Ashland Review: The Happiest Song Plays Last

Aug 11, 2015

Barzin Akhavan, Tala Ashe and Daniel Duque-Estrada
Credit Photo Jenny Graham

“The Happiest Song Plays Last,” now at the Oregon Shakespeare Festival’s Thomas Theatre, is part three of a trilogy by Quiara Alegria Hudes. Last year the Festival presented part two, “Water by the Spoonful,” directed, like this play, by Shishir Kurup.
The author, inspired by her cousin Elliot, the youngest Marine to be deployed to Iraq, has stitched his story to others, creating a colorful quilt of present-day issues.
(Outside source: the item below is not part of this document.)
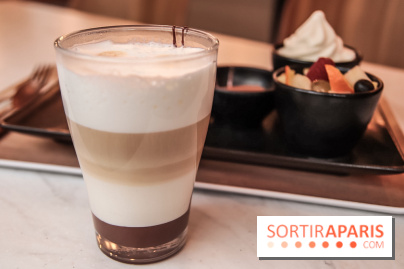 Hoct&Loca, le bar à chocolat de Paris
Focusing on Puerto Ricans in Philadelphia, as well as a homeless man, a part-Arab actress who doesn’t understand her roots, and a displaced Iraqi without papers, the play stresses the benefits of diverse communities.
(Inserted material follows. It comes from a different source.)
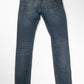 Dior Homme KVA 2015 Back Zipper Denim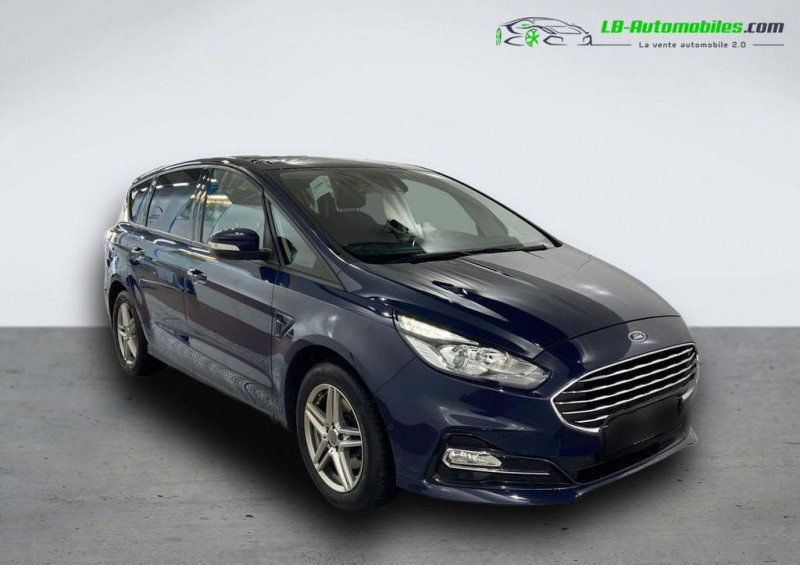 Ford S-max S-MAX 2.0 EcoBlue 150 BVA  occasion  Beaupuy - photo n2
Elliot, played with great sympathy by Daniel Duque-Estrada, is dealing with PTSD as he pursues a post-military career in film. When he is cast as a soldier in a movie being made in Jordan, he reawakens a terrible memory he must strive to put to rest.
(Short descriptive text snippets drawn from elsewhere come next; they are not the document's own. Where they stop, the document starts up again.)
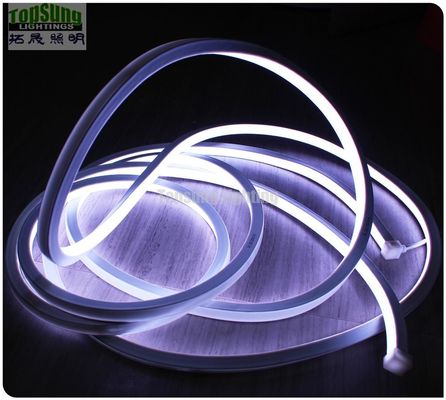 Удивительный яркий 120-вольтный RGB 16*16м светодиодный флекс-шнур для декораций
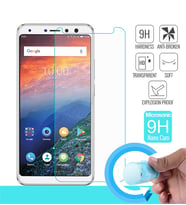 Microsonic Casper Via A2 Nano Cam Ekran koruyucu Kırılmaz film (Beyaz)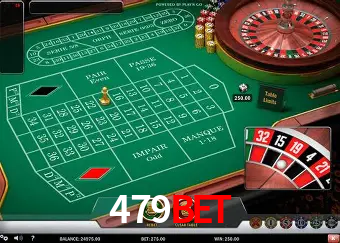 Descubra o Mundo do Cassino Online com 479bet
Elliot’s cousin Yaz is a young music professor who has become the family matriarch, as well as an activist and caregiver to an impoverished community. The weight of responsibility is clearly too much for one person, but even so, she considers having a child with an older activist, almost more to make him happy than to satisfy a personal need.
It is 2012, during the so-called Arab Spring. Masses of demonstrators in several Arab countries are demanding democracy, while in America anti-immigrant sentiments run hot and the Recession continues.
Still, the play offers hope in the form of poignant Puerto Rican songs sung by Augustin, the hard-drinking activist portrayed by Armando Duran. Musician Joe Cruz expertly accompanies him, but at least one song could be shortened.
Nancy Rodriguez as Yaz is brimming with emotions, sometimes radiant, sometimes shrill in her public speeches. Barzin Akhavan is fascinating as the anxious displaced Iraqi. Tala Ashe is compelling as the actress, and Bruce Young creates a touching homeless man.
The author drives these characters through dark times, but the title of the play reassures us that most of them will move toward the light.